*How to complete this task*:
In the entries below, return only the line containing "Housolution Garten Werkzeugtasche, 35" and those after it, exactly, through the last line.
※ ※ ※
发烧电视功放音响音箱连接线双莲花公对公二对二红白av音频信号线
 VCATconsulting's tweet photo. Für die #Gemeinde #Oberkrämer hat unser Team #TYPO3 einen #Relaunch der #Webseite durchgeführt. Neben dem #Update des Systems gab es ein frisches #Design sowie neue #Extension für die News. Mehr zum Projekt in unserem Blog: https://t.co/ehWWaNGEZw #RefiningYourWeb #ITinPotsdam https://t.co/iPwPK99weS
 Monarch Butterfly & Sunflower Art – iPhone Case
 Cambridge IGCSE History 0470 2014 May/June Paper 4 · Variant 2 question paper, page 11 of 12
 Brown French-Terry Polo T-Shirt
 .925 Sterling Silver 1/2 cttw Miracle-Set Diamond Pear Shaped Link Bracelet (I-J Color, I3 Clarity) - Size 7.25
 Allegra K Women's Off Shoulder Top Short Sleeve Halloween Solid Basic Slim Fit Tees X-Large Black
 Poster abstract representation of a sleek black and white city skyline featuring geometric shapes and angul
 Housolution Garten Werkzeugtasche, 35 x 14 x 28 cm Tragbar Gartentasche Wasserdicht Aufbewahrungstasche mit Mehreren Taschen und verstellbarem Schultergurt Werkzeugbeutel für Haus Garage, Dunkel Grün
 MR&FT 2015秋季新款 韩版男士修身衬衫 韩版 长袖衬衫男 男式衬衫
※ ※ ※
*Task answer*:
 Housolution Garten Werkzeugtasche, 35 x 14 x 28 cm Tragbar Gartentasche Wasserdicht Aufbewahrungstasche mit Mehreren Taschen und verstellbarem Schultergurt Werkzeugbeutel für Haus Garage, Dunkel Grün
 MR&FT 2015秋季新款 韩版男士修身衬衫 韩版 长袖衬衫男 男式衬衫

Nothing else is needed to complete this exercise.